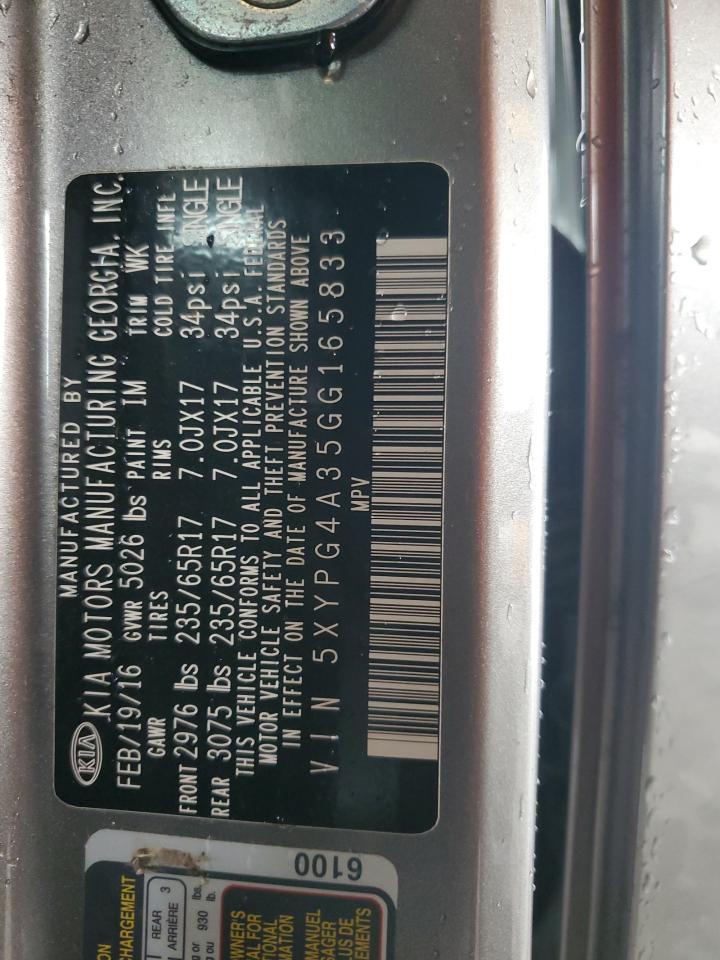 Kia Sorento Lx Image 11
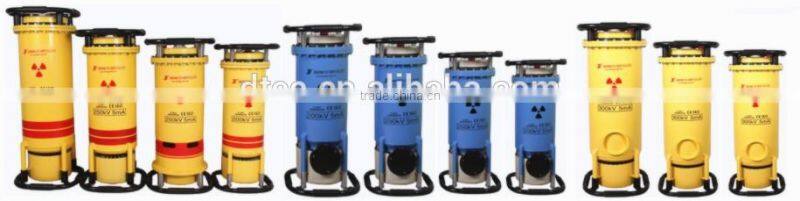 DTEC XXH-2005 Portable Gas-filled X-ray Flaw Detector,with panoramic glass X-ray tube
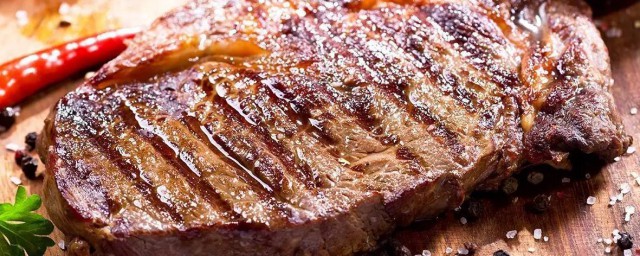 小牛排腌制办法教程 小牛排腌制做法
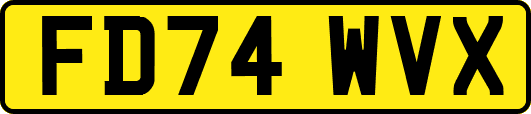 FD74WVX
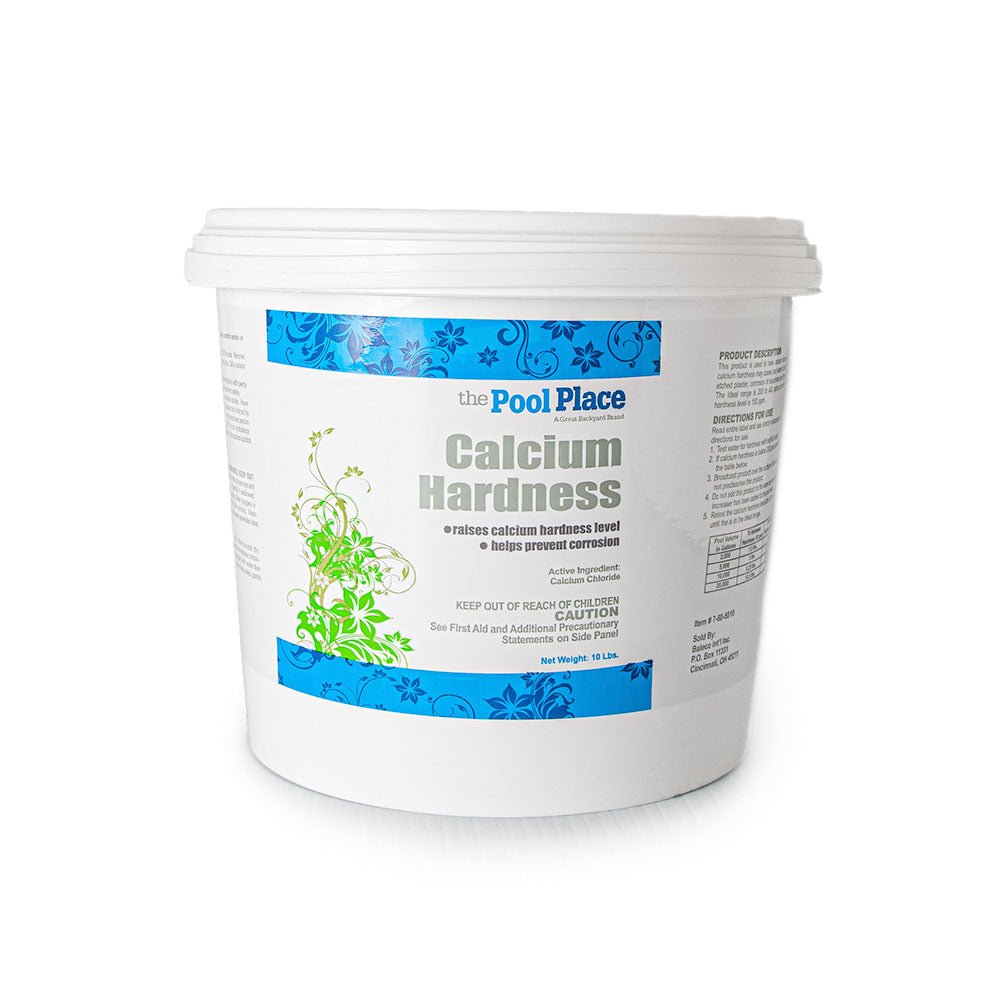 Pool Place Calcium Hardness - 25 Lbs. - Great Backyard Place
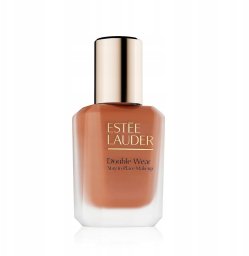 Estee Lauder Estee Lauder_Double Wear Stay In Place Makeup SPF10 długotrwały średnio kryjący matowy podkład do twarzy 6W1 Sandalwood 30ml (887167495364)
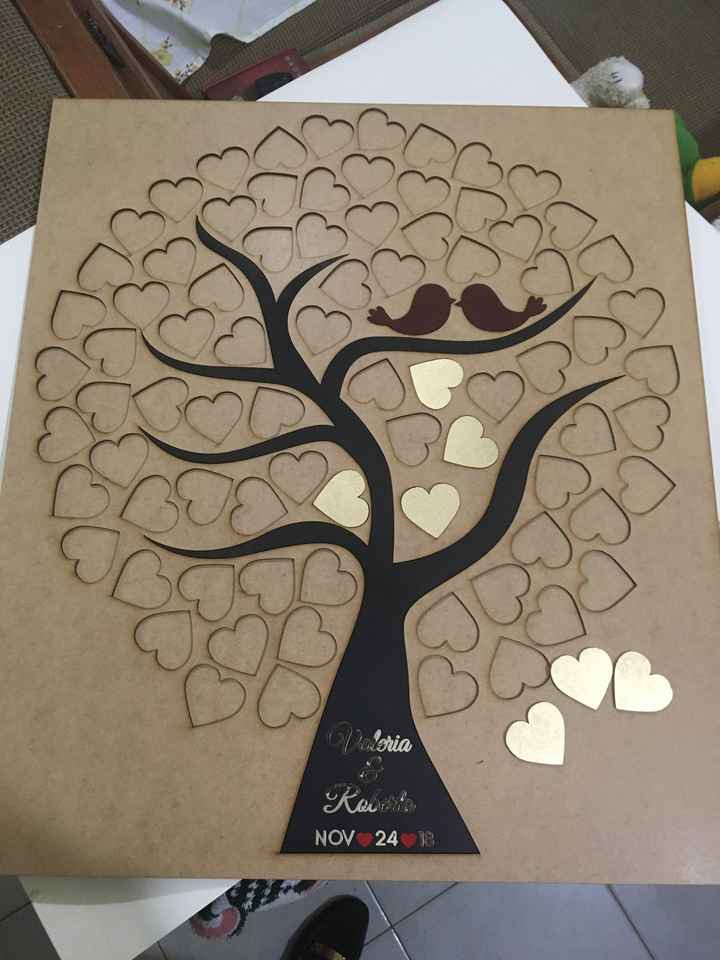 * árbol de firmas* 🌳📝💍🤵🏻👰🏽 - 2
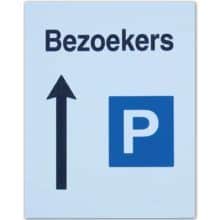 verwijsbord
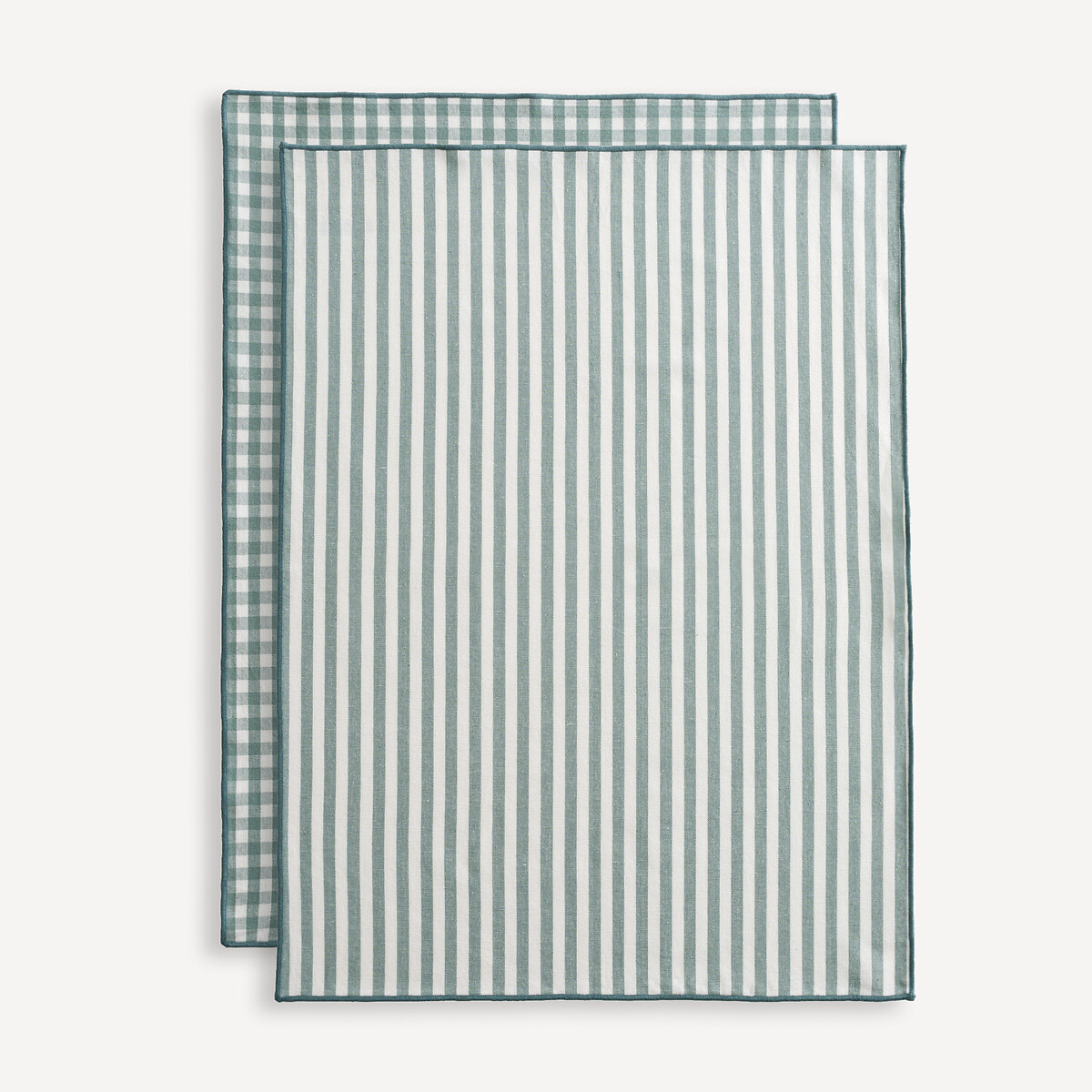 Σετ 2 πετσέτες κουζίνας Σετ των 2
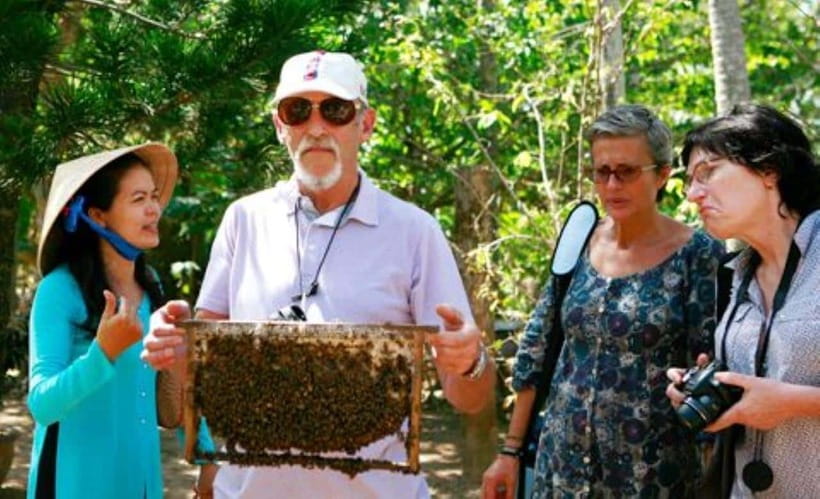 FROM HO CHI MINH: CU CHI TUNNELS & MEKONG DELTA FULL DAY - Frequently Asked Questions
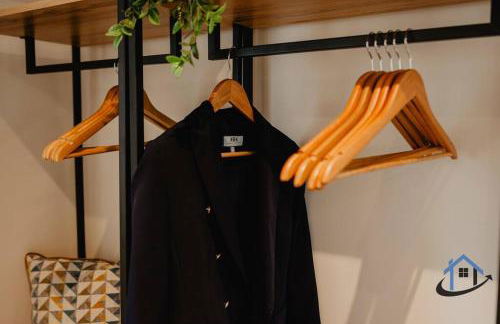 Shambles Retreat - Nr Bath king or twin beds free parking x2 - Foto 23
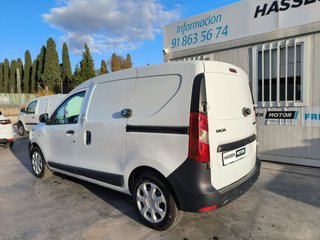 DACIA Dokker Van Essential Blue dCi 70kW 95CV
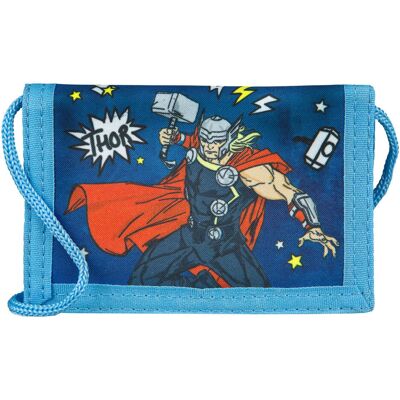 Undercover Portemonnee avengers Multi kleuren Undercover Portemonnee avengers Multi kleuren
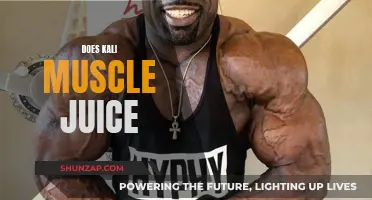 Kali Muscle's Secret: Does He Juice or Not?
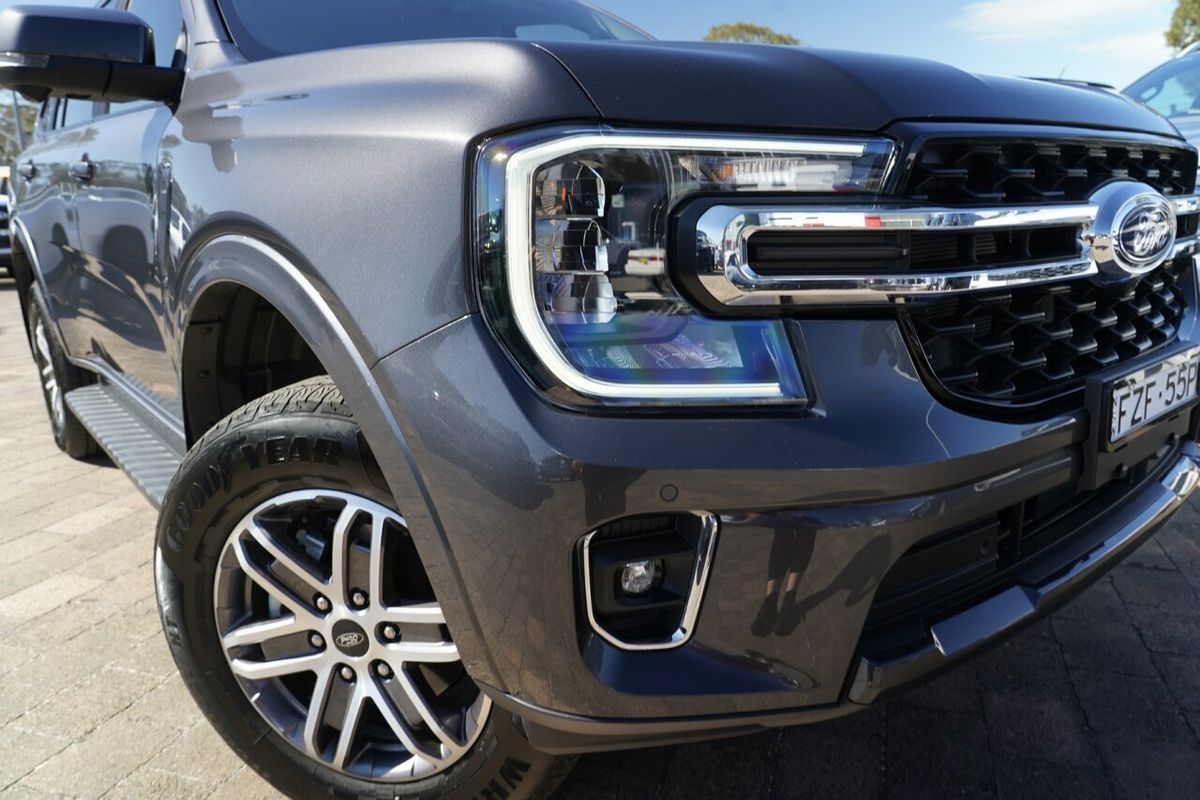 2025 Ford Everest Trend 2.0L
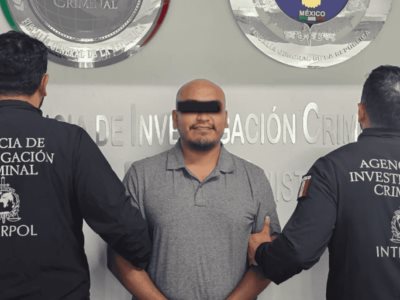 Autoridades de México detienen a uno de los «más buscados» por EE. UU.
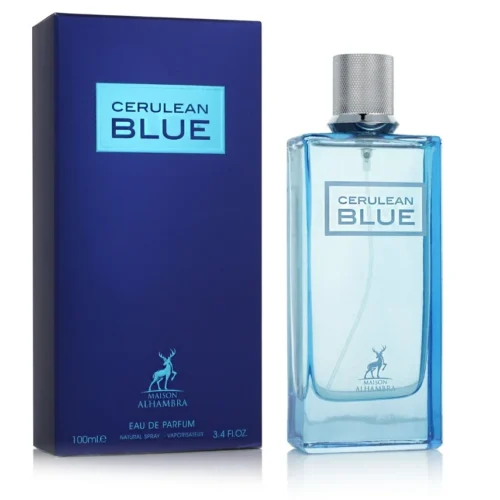 Cerulean Blue
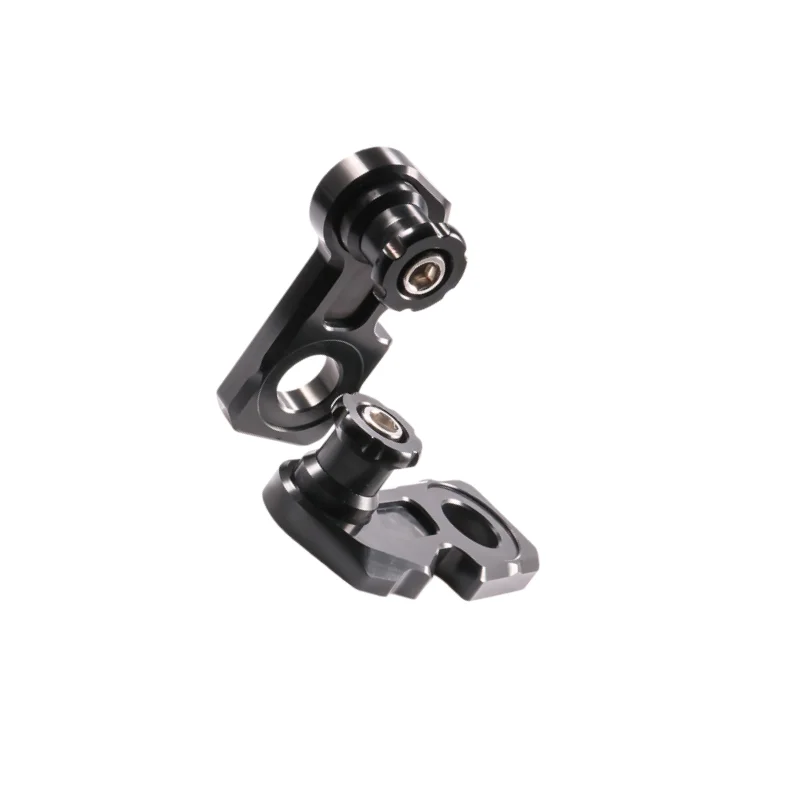 Motorcycle Chain Adjustment Block Frame swingarm Spools sliders Lift The Frame for Honda Cb650r/f Cbr650r 2019-2020 6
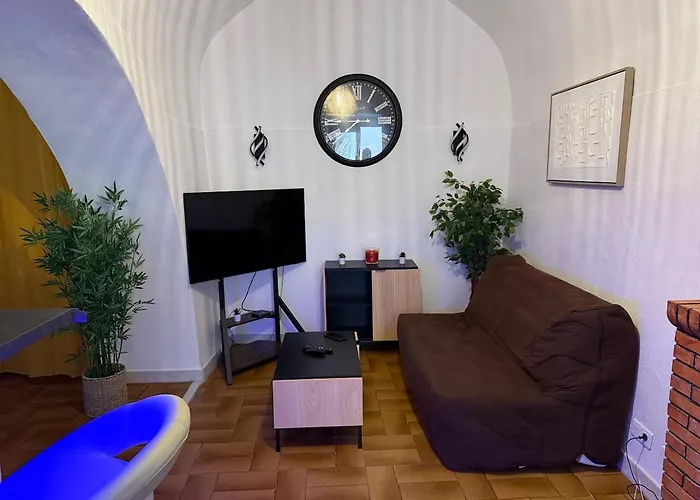 Cozy In Reparata Di Balagna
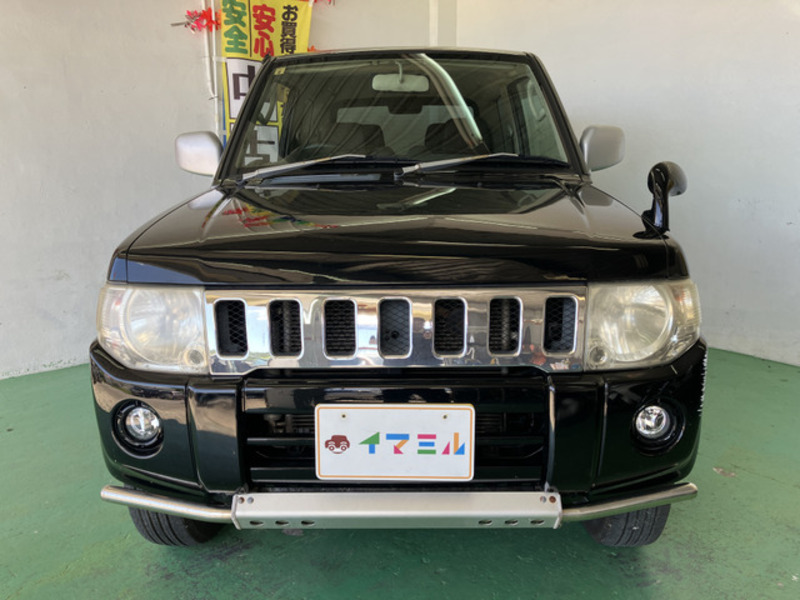 PAJERO MINI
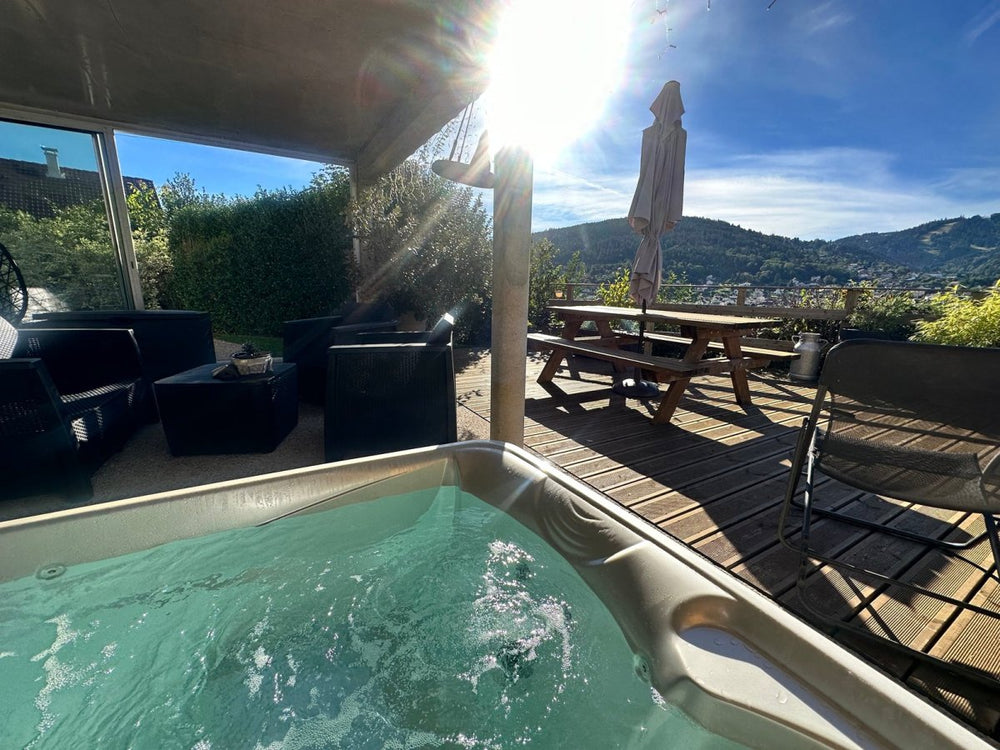 AU NID COSY D'ISA **** - Love’nSpa - weekend en amoureux, love rooms avec spa ou jacuzzi privatif5 de AU NID COSY D'ISA ****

══════════

◆ **Task directions**
Exactly the lines from the one containing "firmas* 🌳📝💍🤵🏻👰🏽 - 2" to the final line of the entries are wanted; please write them out, both ends included, but not the pictures.

◆ **Answer for this exercise**
 * árbol de firmas* 🌳📝💍🤵🏻👰🏽 - 2
 verwijsbord
 Σετ 2 πετσέτες κουζίνας Σετ των 2
 FROM HO CHI MINH: CU CHI TUNNELS & MEKONG DELTA FULL DAY - Frequently Asked Questions
 Shambles Retreat - Nr Bath king or twin beds free parking x2 - Foto 23
 DACIA Dokker Van Essential Blue dCi 70kW 95CV
 Undercover Portemonnee avengers Multi kleuren Undercover Portemonnee avengers Multi kleuren
 Kali Muscle's Secret: Does He Juice or Not?
 2025 Ford Everest Trend 2.0L
 Autoridades de México detienen a uno de los «más buscados» por EE. UU.
 Cerulean Blue
 Motorcycle Chain Adjustment Block Frame swingarm Spools sliders Lift The Frame for Honda Cb650r/f Cbr650r 2019-2020 6
 Cozy In Reparata Di Balagna
 PAJERO MINI
 AU NID COSY D'ISA **** - Love’nSpa - weekend en amoureux, love rooms avec spa ou jacuzzi privatif5 de AU NID COSY D'ISA ****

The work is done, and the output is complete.